Hast Du denn inzwischen die Einträge in der Ereignisanzeige überprüft?
 Da müsste ja irgendwas protokolliert werden wenn der Fehler auftritt.

 Check doch auch mal die S.M.A.R.T. Werte der HDD.

 Was auch immer Deine Probleme verursacht, an Win 7 allein liegt es ganz sicher nicht.
 Da ist bestimmt irgendein Hardware-Teil defekt (RAM oder HDD wäre naheliegend) oder ein pöser Treiber im System.


----------



## fsm (14. Dezember 2009)

Eben bekam ich einen Bluescreen nach 2 Minuten GTA IV. Irgendwas mit Win32k.sys... kann man sich irgendwo die Logs der Bluescreens ansehen?


----------



## Rabowke (14. Dezember 2009)

fsm schrieb:


> Eben bekam ich einen Bluescreen nach 2 Minuten GTA IV. Irgendwas mit Win32k.sys... kann man sich irgendwo die Logs der Bluescreens ansehen?


   Wir habens doch mittlerweile verstanden das die Spiele, egal welche & auch Anwendungsprogramme nicht stabil laufen. 

 Es gibt sogenannte "Bluescreen Viewer", sehr hilfreich & Freeware.

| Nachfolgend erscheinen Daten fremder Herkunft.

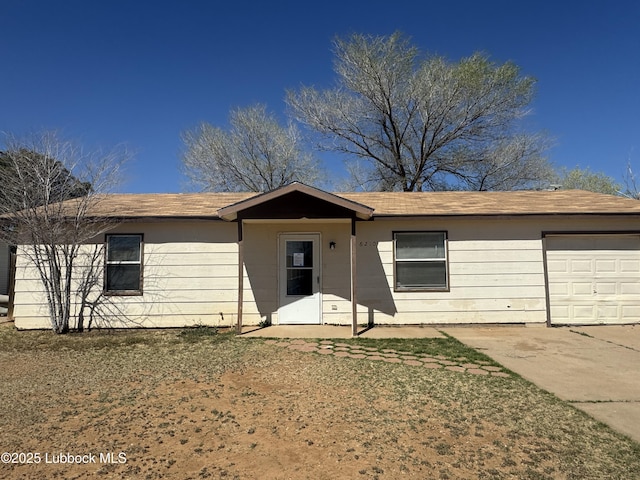 6210 22nd St, Lubbock, TX 79407 - ranch-style home featuring an attached garage and concrete driveway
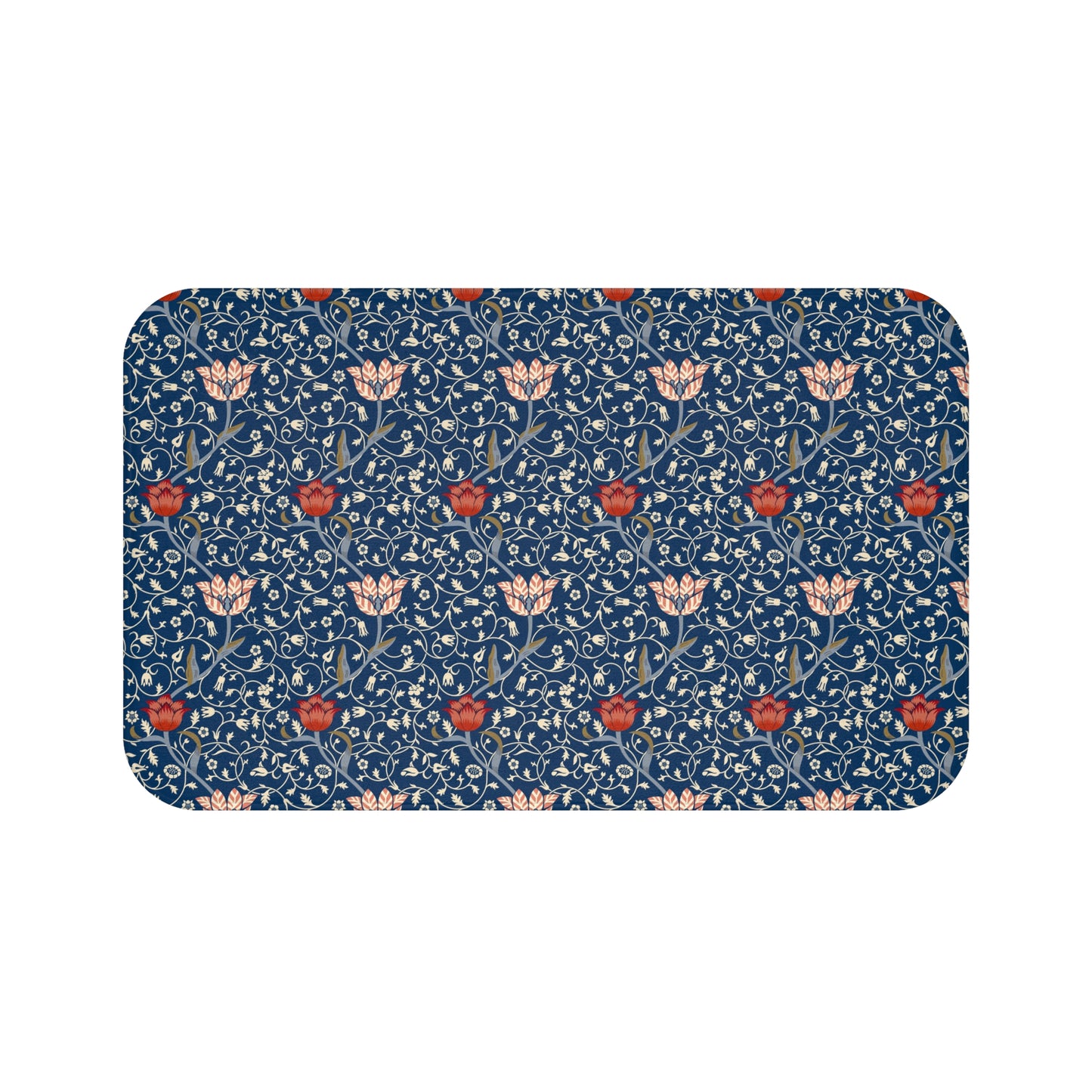 A rectangular microfibre bath mat with a floral pattern inspired by William Morris, predominantly blue with red and white accents.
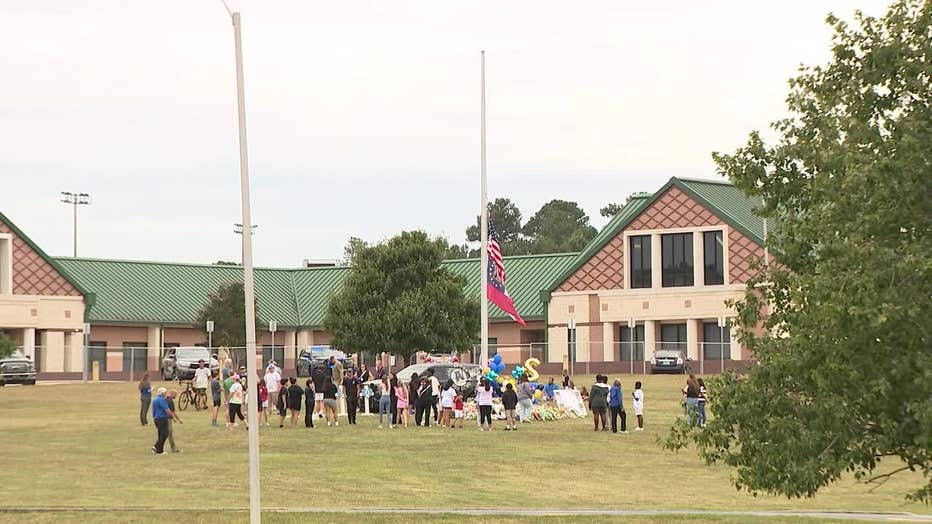 The Apalachee High School gathered to mourn those killed in Wednesday's attack, pray for those who were injured, and try come to grips with the atrocity at a makeshift memorial in front of the Winder school on Sept. 6, 2024.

Einfach mal googlen und dir die Dumps, das sind die erstellten Logs von Windows, anschauen.

 Hast du mal die Tipps bezügl. Prime95 über mehrere Stunden laufen lassen und memtest nachvollzogen? :-o


----------



## fsm (14. Dezember 2009)

Das mit dem Bluscreen war nur ein Hinweis, dass es um Win32k.sys ging.
   Aber ich hatte auch schon andere - ich wollte nur die Symtome genauer
   definieren   

   Und den stundenlangen Test mache ich über Nacht, bin vor ner halben Stunde erst nach Hause gekommen. 

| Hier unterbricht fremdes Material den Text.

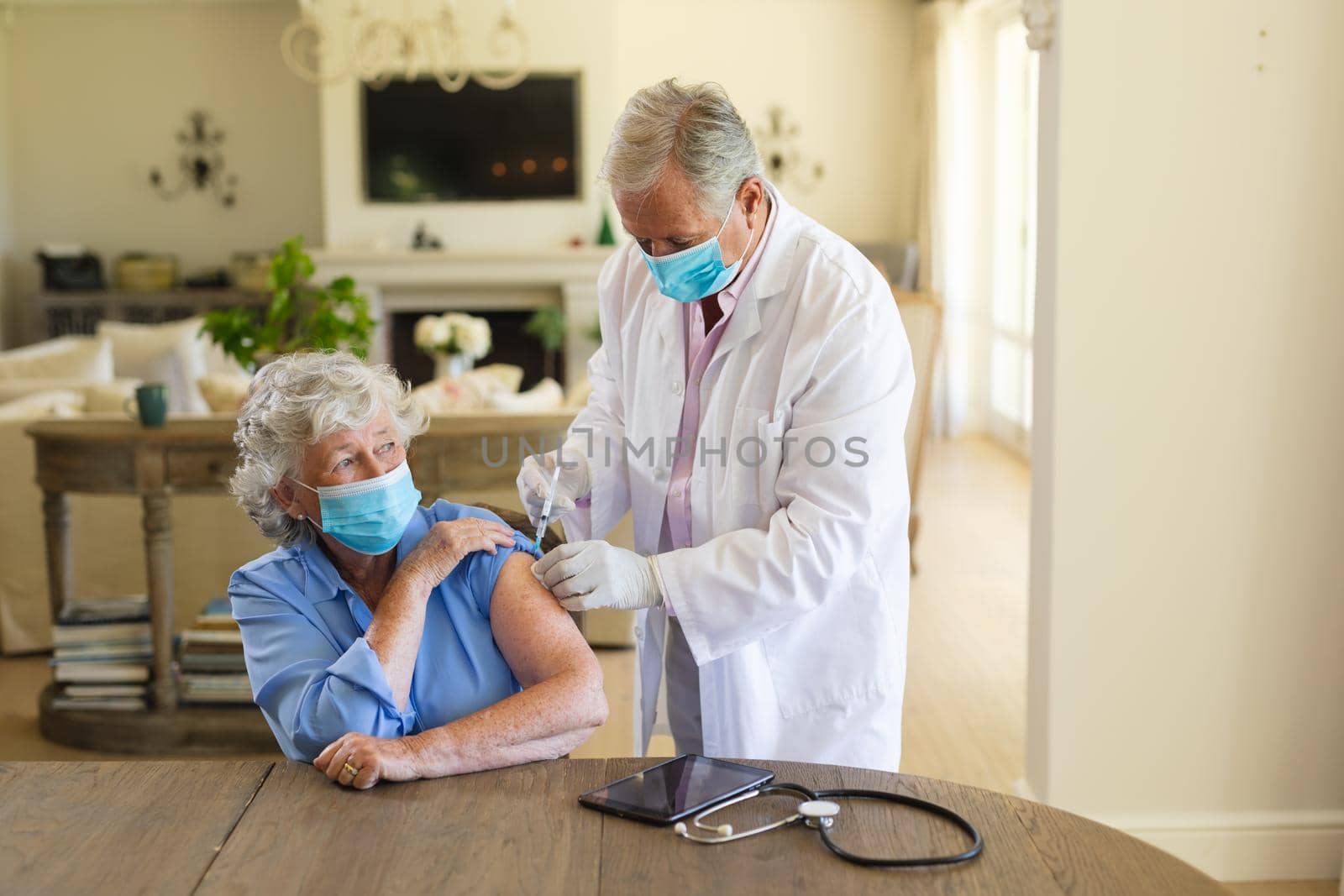 Senior caucasian male doctor vaccinating female patient wearing face masks. medicine and healthcare services during covid 19 pandemic concept.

  EDIT: zu der Frage, was denn in der Fehlermeldung "funktioniert nicht mehr" steht: Es istr tatsächlich nur diese Meldung, diesmal zum Beispiel von Half-Life² (was auch nicht.... na ja, ihr wisst schon). 

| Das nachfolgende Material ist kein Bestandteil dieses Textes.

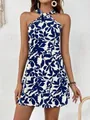 Detail view of the blue and white leaf print halter neck sleeveless mini dress on a model - S / Bottoms / Blue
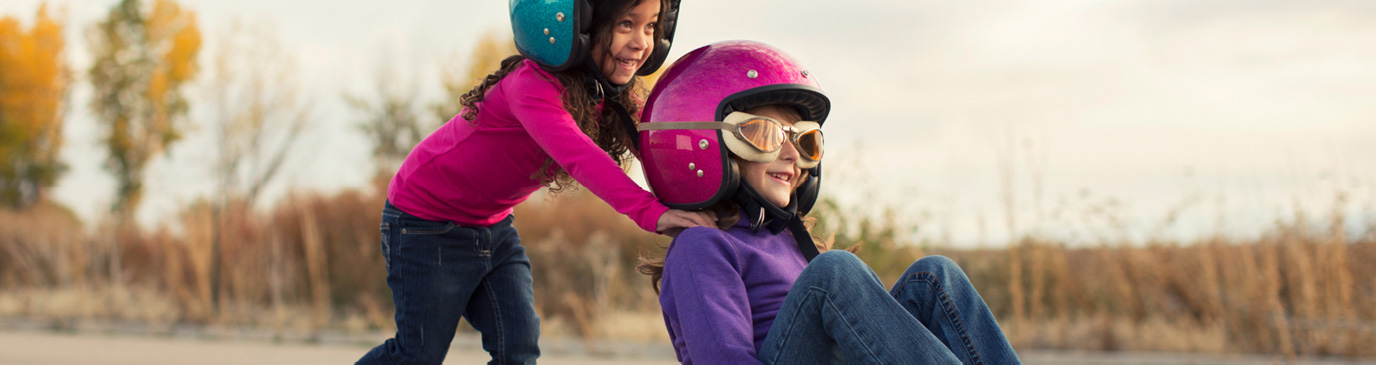 Two smiling girls wearing helmets, one sat on skateboard wearing goggles, being pushed by the other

 EDIT 2: Prime95 ist interessant. 3 von vier Kernen funktionieren super, einer gibt sofort nach einer Sekunde ein falsches Ergebnis. Kern kaputt? Von wegen, es ist mal Kern 2, mal Kern 4, beim letzen Lauf Kern 3. Denbnoch reicht der kaputte Kern vollkommen, um während des Tests noch in Ruhe und ruckelfrei diesen Eintrag zu schreiben....... 
 Allerdings geben nach und nach immer mehr Kerne falsche Ergebnisse - nach und nach heißt, innerhalb von 5 Minuten sind 3 Tests gestoppt. Woran liegt das? Zu wenig Strom vielleicht?
 Liegt das jetzt am Prozessor oder am Programm? Was sagt mir diese Info?


----------



## Chemenu (15. Dezember 2009)

Die Grafik der Fehlermeldung sagt uns jetzt aber leider auch nicht mehr.^^

 Klick mal auf "Start" -> "Ausführen" und gib dann "eventvwr" ein.
 Enter drücken und unter dem Systemprotokoll nachschauen, ob sich irgendwelche Fehler finden lassen zu dem Zeitpunkt, als Du die Fehlermeldung erhalten hast, bzw. Prime95 Fehler gemeldet hat.


----------



## Rabowke (15. Dezember 2009)

fsm am 14.12.2009 21:10 schrieb:
			
		

> EDIT 2: Prime95 ist interessant. 3 von vier Kernen funktionieren super, einer gibt sofort nach einer Sekunde ein falsches Ergebnis. Kern kaputt? Von wegen, es ist mal Kern 2, mal Kern 4, beim letzen Lauf Kern 3. Denbnoch reicht der kaputte Kern vollkommen, um während des Tests noch in Ruhe und ruckelfrei diesen Eintrag zu schreiben.......
> Allerdings geben nach und nach immer mehr Kerne falsche Ergebnisse - nach und nach heißt, innerhalb von 5 Minuten sind 3 Tests gestoppt. Woran liegt das? Zu wenig Strom vielleicht?
> Liegt das jetzt am Prozessor oder am Programm? Was sagt mir diese Info?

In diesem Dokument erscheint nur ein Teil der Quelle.